Given a binary tree, return the postorder traversal of its nodes' values.

For example:
Given binary tree {1,#,2,3},
   1
    \
     2
    /
   3
return [3,2,1].

Note: Recursive solution is trivial, could you do it iteratively?

难度：70

recursive方法很直接：

 public ArrayList<Integer> postorderTraversal(TreeNode root) {
     ArrayList<Integer> res = new ArrayList<Integer>();
     helper(root, res);
     return res;
 }
 private void helper(TreeNode root, ArrayList<Integer> res)
 {
     if(root == null)
         return;
     helper(root.left,res);
     helper(root.right,res);
     res.add(root.val);
 }

Iterative 最优做法：

pre-order traversal is root-left-right.

post-order traversal is left-right-root.

We can modify pre-order traversal to be root-right-left, and traverse the tree.
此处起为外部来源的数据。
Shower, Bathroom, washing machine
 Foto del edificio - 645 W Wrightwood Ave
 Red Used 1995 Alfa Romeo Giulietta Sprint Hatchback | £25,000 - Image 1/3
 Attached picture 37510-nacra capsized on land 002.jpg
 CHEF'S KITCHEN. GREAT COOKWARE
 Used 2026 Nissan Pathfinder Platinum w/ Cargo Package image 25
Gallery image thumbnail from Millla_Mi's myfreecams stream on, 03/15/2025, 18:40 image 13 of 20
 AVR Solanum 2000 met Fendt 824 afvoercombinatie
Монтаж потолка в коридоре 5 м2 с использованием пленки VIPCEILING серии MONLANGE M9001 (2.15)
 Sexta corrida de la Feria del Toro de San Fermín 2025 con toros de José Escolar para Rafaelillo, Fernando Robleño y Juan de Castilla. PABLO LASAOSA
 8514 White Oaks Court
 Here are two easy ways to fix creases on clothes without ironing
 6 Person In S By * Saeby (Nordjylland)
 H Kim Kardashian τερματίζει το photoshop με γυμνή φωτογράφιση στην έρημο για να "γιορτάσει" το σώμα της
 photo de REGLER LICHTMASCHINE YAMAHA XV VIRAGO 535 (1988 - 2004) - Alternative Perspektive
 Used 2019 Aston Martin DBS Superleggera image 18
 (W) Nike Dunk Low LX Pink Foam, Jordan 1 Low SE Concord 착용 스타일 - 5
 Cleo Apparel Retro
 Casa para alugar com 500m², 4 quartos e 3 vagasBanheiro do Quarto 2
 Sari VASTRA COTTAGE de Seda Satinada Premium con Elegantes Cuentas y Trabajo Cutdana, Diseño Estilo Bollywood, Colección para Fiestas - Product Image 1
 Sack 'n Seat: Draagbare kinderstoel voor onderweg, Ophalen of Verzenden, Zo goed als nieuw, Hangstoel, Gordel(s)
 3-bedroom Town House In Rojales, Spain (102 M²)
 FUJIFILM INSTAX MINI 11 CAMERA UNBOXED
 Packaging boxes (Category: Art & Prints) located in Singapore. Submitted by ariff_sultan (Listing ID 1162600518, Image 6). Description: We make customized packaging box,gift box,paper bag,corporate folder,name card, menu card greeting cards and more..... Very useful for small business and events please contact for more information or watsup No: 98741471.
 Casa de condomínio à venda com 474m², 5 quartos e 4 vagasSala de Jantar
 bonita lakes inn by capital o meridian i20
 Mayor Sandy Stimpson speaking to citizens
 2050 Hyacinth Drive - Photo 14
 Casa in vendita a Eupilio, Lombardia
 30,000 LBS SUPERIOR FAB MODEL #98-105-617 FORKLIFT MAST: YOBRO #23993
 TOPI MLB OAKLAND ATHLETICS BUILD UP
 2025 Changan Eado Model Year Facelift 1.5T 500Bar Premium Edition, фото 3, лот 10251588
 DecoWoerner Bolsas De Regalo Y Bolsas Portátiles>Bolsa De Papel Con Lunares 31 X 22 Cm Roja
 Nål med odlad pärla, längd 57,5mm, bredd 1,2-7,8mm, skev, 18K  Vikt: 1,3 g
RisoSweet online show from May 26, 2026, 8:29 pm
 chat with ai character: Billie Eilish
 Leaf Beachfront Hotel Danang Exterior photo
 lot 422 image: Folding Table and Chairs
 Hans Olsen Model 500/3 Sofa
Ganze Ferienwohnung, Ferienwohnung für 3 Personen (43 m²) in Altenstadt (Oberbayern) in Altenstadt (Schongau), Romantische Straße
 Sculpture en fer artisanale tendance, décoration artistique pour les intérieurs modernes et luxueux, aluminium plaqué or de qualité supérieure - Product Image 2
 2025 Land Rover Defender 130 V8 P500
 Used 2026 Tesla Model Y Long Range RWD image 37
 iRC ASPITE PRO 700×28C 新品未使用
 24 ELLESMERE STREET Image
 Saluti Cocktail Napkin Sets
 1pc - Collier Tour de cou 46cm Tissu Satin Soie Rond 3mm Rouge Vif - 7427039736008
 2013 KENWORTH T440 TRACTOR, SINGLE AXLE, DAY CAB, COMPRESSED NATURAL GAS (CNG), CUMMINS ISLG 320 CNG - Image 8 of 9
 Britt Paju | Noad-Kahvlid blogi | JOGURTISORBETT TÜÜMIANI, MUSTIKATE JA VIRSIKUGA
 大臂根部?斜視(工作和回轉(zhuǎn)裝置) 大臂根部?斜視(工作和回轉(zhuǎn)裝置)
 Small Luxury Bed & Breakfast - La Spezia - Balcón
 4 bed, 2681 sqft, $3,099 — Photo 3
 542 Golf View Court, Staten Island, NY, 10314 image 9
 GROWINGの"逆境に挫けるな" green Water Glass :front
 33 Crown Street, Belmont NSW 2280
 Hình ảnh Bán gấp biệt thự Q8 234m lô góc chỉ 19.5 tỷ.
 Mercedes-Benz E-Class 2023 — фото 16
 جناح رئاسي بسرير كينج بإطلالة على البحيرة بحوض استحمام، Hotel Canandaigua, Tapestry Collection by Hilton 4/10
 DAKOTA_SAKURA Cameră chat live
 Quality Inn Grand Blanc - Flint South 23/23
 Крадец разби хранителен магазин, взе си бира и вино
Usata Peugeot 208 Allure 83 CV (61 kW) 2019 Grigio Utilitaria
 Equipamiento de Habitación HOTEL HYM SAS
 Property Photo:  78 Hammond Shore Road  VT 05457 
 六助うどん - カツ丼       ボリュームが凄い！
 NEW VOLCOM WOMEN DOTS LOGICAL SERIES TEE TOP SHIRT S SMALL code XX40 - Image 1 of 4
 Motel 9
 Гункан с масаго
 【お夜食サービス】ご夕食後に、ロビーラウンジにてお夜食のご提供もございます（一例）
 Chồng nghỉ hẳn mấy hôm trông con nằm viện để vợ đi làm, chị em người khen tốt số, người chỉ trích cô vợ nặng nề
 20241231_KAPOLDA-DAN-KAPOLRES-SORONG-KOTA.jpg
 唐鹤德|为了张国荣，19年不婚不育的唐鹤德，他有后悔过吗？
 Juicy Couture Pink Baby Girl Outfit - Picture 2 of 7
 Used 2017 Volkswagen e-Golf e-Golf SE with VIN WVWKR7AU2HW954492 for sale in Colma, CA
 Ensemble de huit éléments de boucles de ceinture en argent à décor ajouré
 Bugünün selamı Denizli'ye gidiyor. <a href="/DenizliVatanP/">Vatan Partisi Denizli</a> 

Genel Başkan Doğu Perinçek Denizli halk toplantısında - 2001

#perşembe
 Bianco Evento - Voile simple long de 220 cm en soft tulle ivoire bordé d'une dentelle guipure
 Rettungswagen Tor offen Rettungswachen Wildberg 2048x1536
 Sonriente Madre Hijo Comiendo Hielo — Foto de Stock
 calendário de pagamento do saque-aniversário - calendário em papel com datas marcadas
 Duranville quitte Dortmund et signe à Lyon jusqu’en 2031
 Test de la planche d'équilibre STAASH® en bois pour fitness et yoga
Finally, we reverse the output by the modified pre-order traversal to get post-order traversal.

 /**
  * Definition for a binary tree node.
  * public class TreeNode {
  *     int val;
  *     TreeNode left;
  *     TreeNode right;
  *     TreeNode(int x) { val = x; }
  * }
  */
 public class Solution {
     public List<Integer> postorderTraversal(TreeNode root) {
         LinkedList<Integer> res = new LinkedList<>();
         Stack<TreeNode> stack = new Stack<>();
         TreeNode p = root;
         while (p!=null || !stack.isEmpty()) {
             if (p != null) {
                 stack.push(p);
                 res.addFirst(p.val);
                 p = p.right;
             }
             else {
                 TreeNode node = stack.pop();
                 p = node.left;
             }
         }
         return res;
     }
 }

第一次Iterative的做法就没有那么strait forward的了，需要额外用一个ArrayList<TreeNode>来记录节点的访问情况

 /**
  * Definition for binary tree
  * public class TreeNode {
  *     int val;
  *     TreeNode left;
  *     TreeNode right;
  *     TreeNode(int x) { val = x; }
  * }
  */
 public class Solution {
     public List<Integer> postorderTraversal(TreeNode root) {
         ArrayList<Integer> res = new ArrayList<Integer>();
         if (root == null) return res;
         ArrayList<TreeNode> visited = new ArrayList<TreeNode>();
         LinkedList<TreeNode> stack = new LinkedList<TreeNode>();
         stack.push(root);
         while (root != null || !stack.isEmpty()) {
             if (root.left != null && !visited.contains(root.left)) {
                 stack.push(root.left);
                 root = root.left;
             }
             else if (root.right != null && !visited.contains(root.right)) {
                 stack.push(root.right);
                 root = root.right;
             }
             else {
                 visited.add(root);
                 res.add(stack.pop().val);
                 root = stack.peek();
             }
         }
         return res;
     }
 }